-------- Records to process

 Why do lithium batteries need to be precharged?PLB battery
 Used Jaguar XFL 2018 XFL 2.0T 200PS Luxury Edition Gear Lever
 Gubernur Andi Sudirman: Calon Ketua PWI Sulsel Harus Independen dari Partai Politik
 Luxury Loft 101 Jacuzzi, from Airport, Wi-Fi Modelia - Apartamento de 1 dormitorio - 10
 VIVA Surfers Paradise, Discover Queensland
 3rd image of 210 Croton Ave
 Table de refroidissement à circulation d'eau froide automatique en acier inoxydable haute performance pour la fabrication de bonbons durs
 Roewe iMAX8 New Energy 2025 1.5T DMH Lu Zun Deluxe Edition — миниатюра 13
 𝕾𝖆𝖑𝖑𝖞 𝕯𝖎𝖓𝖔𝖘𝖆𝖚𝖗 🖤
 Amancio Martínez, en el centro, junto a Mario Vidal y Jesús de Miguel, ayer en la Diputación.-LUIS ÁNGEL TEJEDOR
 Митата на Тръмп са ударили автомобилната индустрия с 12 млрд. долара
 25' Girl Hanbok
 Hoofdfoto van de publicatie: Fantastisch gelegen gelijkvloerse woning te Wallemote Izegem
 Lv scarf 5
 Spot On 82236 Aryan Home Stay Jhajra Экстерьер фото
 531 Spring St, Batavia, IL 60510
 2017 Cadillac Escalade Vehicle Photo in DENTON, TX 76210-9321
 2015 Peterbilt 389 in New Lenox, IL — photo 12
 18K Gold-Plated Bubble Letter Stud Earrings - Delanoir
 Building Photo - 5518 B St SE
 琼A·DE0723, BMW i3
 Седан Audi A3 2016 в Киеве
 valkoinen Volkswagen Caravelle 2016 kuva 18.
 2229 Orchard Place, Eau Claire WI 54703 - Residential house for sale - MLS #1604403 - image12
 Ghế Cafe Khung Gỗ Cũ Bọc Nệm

----------------

## Brief
Reproduce the lines above, beginning at the line with "Used Jaguar XFL" and stopping after the line with "3rd image of 210 Croton Ave", exactly as they are.

## Answer to this exercise
 Used Jaguar XFL 2018 XFL 2.0T 200PS Luxury Edition Gear Lever
 Gubernur Andi Sudirman: Calon Ketua PWI Sulsel Harus Independen dari Partai Politik
 Luxury Loft 101 Jacuzzi, from Airport, Wi-Fi Modelia - Apartamento de 1 dormitorio - 10
 VIVA Surfers Paradise, Discover Queensland
 3rd image of 210 Croton Ave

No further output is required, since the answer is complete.